Non siamo qui neppure per un’operazione di mera retrospettiva dei danni
causati da un’antropologia secolarizzata e relativista, disperata e disperante
pur sotto la doratura superficiale di una tecnica che promette di trasformare i
desideri in diritti.
Siamo qui non per piegarci su un mondo morente che non è la nostra patria,
ma per liberare la nostra vera patria da chi ne ha usurpato nome e
rappresentanza.
Siamo consapevoli che la crisi è plurisecolare ed è profonda e che non ha
risparmiato nessuno, neppure la Chiesa, nella misura in cui il Corpo mistico di
Cristo tocca terra e ha a che fare con questo mondo.
Così come siamo consapevoli che in questo cambio d’epoca l’alternativa,
come ebbe ad ammonire Giovanni Cantoni, o è totale e diametrale, o finisce con
l’essere un’ennesima sfumatura del cedimento.

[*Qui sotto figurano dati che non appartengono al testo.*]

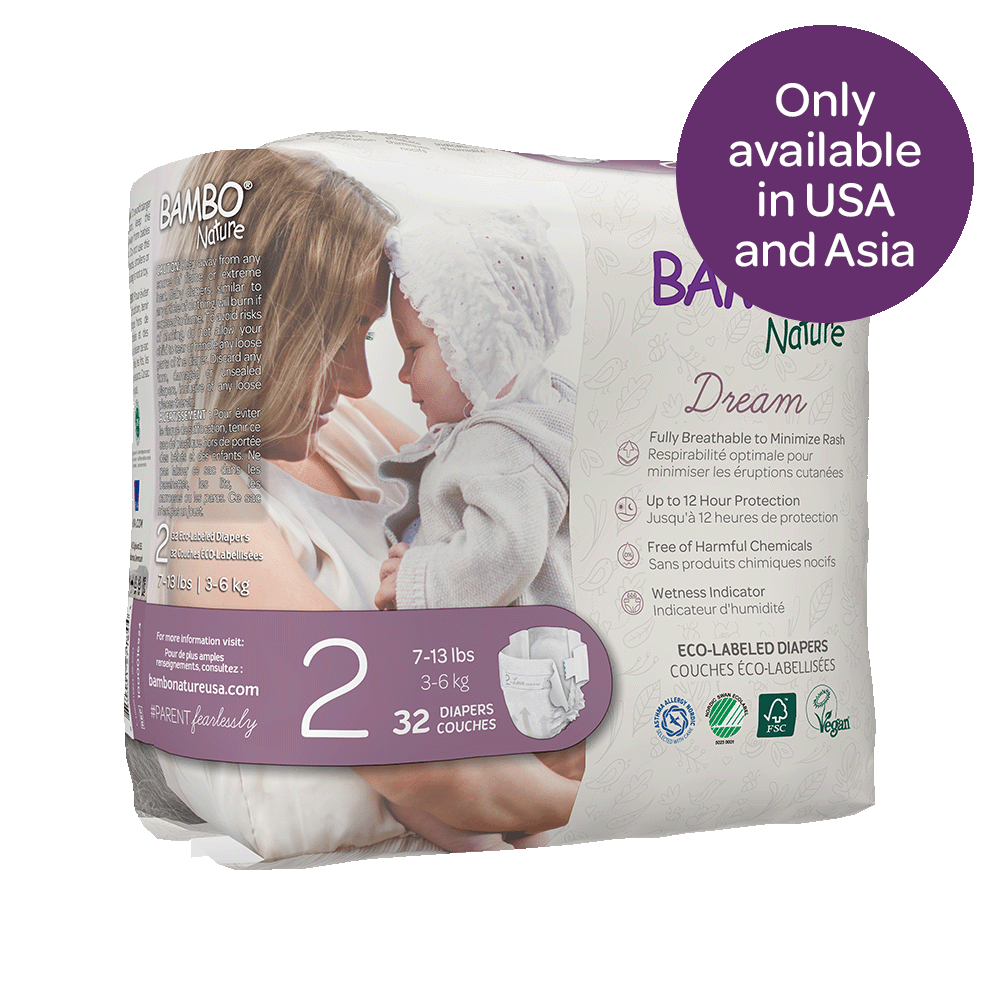 Bambo Nature Dream Diapers size 2 (3-6 kg / 7-13 lbs), 32 pcs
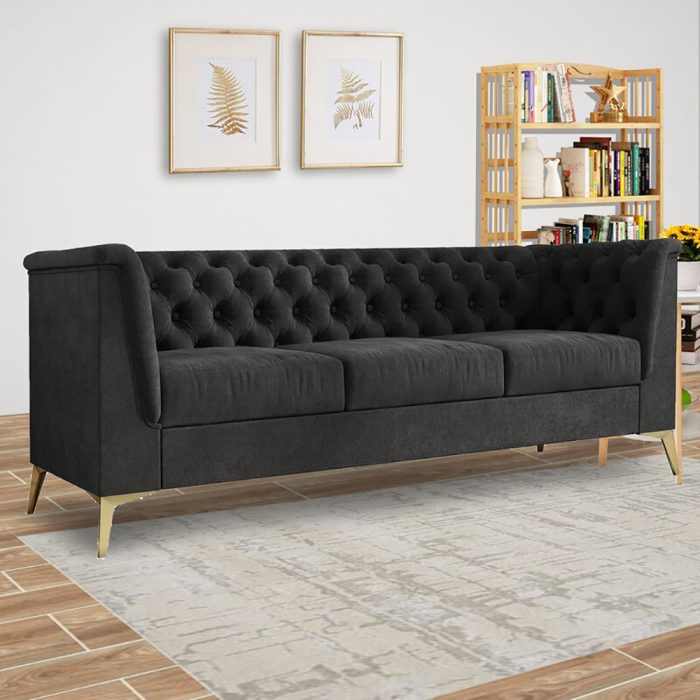 Chanin Velvet Rolled Arm Chesterfield Sofa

Siamo, infine, consapevoli che quella visione dell’uomo che è all’origine
dell’Occidente e che ha prodotto grandi civiltà, compatibilmente con la
strutturale imperfezione umana, non può morire, perché affonda le sue radici
nella verità sull’uomo.
Ed allora siamo qui per piegarci sull’uomo piagato dalle ferite
provocategli da questo falso occidente che muore, per far risvegliare in lui la
nostalgia di un futuro che dipende solo da noi. Perché, se è vero che occorre
ben capire con chi parliamo, in quali condizioni si trova, è altrettanto vero
che non bisogna mai perdere di vista che cosa gli diciamo e perché, cioè per
quale fine.
È il tempo della ricostruzione; un tempo che richiede l’esercizio di una
virtù particolare, quella della pazienza storica. Quella di chi è capace di
intravedere e di far intravedere -innanzitutto con il proprio esempio- il
vivido chiarore dell’alba nella melanconia dell’imbrunire.
È un atto di giustizia, che dobbiamo ai nostri padri, ma soprattutto ai
nostri figli.
Persuasi che, come ebbe a ricordare Rosario Livatino concludendo la sua
conferenza su “Fede e diritto”, “il sommo atto di giustizia è necessariamente
sommo atto di amore se è giustizia vera, e viceversa se è amore autentico”.